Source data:
---

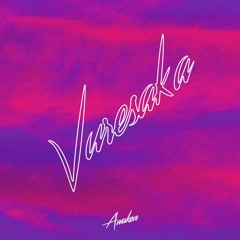 Vursaka - Starlight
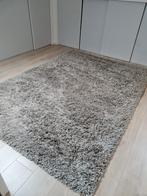 Ikea Gäser hoogpolig kleed (170x240 cm), 150 tot 200 cm, 200 cm of meer, Ophalen of Verzenden, Zo goed als nieuw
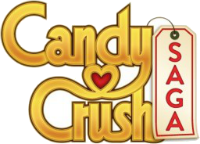 CandyCrushSaga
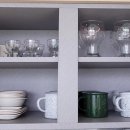 뭇별키즈풀빌라 이미지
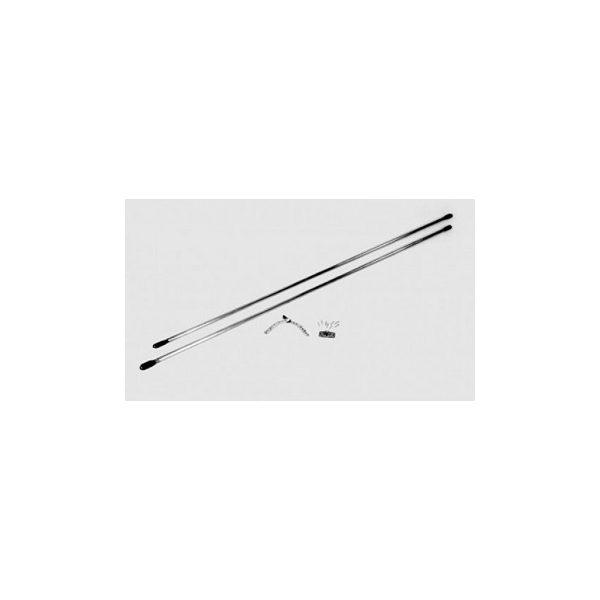 564867 Marantec - Special 103 Adaptateur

---

> _Your assignment_
Leave the images behind and write out every entry exactly.

> _Problem solution_
 Vursaka - Starlight
 Ikea Gäser hoogpolig kleed (170x240 cm), 150 tot 200 cm, 200 cm of meer, Ophalen of Verzenden, Zo goed als nieuw
 CandyCrushSaga
 뭇별키즈풀빌라 이미지
 564867 Marantec - Special 103 Adaptateur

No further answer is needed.